NOTE: The ability to set access control rules, per the above, is available in your Mashery administration dashboard. If you want your developer portal to enforce those rules, please contact support@mashery.com and we will enable that for you. Once enabled, there will be default permissions set in order to not disrupt the current portal behaviors experienced by your developers, i.e. we can turn this feature on for you and there is no immediate impact to the portal experience. You can change those default permissions as you see fit.

We recently added a couple new feature improvements to our OAuth accelerator that will add that extra layer of security to your OAuth implementation

• All applications that use an API that have OAuth 2.0 enabled will have a field available now to pre-register the redirect URI. While configuring the OAuth accelerator for your API (under API settings), you now have an option to mandate that only calls validated against this pre-registered redirect URI are allowed to access your API.  OAuth API methods createAccessToken and createAuthorizationCode now include these supporting validations as well. For detailed documentation on the OAuth API refer to the documentation section

• You now have an option to configure TTL for refresh tokens as well. By default this is not enabled.

The Mashery API has included support for interacting with the Developer Class object for some time, but the documentation was incomplete.  A full edit was completed and is now available in the documentation section.

The Mashery-supported, integrated I/O Docs capability now supports POST requests that have POST body data, as well as passing in data via the headers and parameters.  With I/O Docs, customers can present interactive documentation that makes it easier and faster to learn about their APIs.  With this most recent update, customers, who have POST methods that need to support data being passed in via the request message body, can use I/O Docs to document these particular parts of their API.

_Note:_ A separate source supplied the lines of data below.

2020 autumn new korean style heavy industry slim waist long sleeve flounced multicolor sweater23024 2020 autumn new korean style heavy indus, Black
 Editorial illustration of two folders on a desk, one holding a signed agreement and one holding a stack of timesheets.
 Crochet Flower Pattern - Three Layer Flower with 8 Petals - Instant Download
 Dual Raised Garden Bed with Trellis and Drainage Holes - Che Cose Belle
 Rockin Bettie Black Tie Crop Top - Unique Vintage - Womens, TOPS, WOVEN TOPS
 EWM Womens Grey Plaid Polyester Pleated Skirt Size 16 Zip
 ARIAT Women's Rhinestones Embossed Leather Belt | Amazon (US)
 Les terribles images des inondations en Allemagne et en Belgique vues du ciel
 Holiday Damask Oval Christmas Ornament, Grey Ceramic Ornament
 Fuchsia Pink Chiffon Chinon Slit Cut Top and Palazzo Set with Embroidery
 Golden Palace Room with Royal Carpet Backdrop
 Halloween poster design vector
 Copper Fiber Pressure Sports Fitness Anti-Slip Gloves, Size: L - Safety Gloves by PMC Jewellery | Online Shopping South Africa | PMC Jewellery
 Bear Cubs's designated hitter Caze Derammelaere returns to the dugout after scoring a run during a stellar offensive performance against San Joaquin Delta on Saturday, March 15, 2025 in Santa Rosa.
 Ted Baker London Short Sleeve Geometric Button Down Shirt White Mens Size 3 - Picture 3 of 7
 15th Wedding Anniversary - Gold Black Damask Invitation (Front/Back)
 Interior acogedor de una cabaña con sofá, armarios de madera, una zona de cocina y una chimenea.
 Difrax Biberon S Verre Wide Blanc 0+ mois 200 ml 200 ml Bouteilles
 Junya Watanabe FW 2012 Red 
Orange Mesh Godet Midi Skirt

I/O Docs is configured via the Mashery administration console, in the I/O Docs section of Portal Settings.  If you need help setting up I/O Docs, please contact support@mashery.com.

Example Configuration

{
   "name":"acme daily deal api definition",
   "version":"1.0",
   "title":"Acme Daily Deal API",
   "description":"This Daily Deal API is used to find the most current daily deals.",
   "protocol":"rest",
   "basePath":"http://api.acmeapparelstore.com/",
   "auth":{
      "key":{
         "param":"apikey"
      }
   },
   "resources":{
           "Review Daily Deal":{
               "path":"deal",
               "httpMethod":"POST",
               "description":"Submit a review on the the most current Daily Deal.",
               "parameters":{
                      "review": {
                        "required": "true",
                        "default": "",
                        "type": "textarea",
                        "description": "This is an HTTP POST method and supports sending data across in the post body.",
                        "location": "body"
                      }
               }
            }
         }
      }
   }
}

Example result in I/O Docs Application

As you work with external developer partners or internal employees, sometimes those people using your APIs leave their jobs, their projects or otherwise no longer have the need to have their Mashery developer account associated with the applications, and associated API keys, that they originally created and worked to build.  In these situations, where you might want to transfer control and management of these "orphaned" or "abanonded" applications, Mashery now supports changing the owner, or related developer/user, for applications and their corresponding API keys.  It is a simple process by which the authorized administrator can edit the application with the Mashery administration console and pick the new developer/user; an example screenshot is shown below.  Once the switch has been made, the old owner of the application, e.g. that person who just transferred departments and as such is no longer available to work on the application, can no longer see that application, its API keys and associated reporting data from within the My Account area in your Mashery-powered Developer Portal.  This function is also available in the Mashery V2 API through the application.update and key.update methods.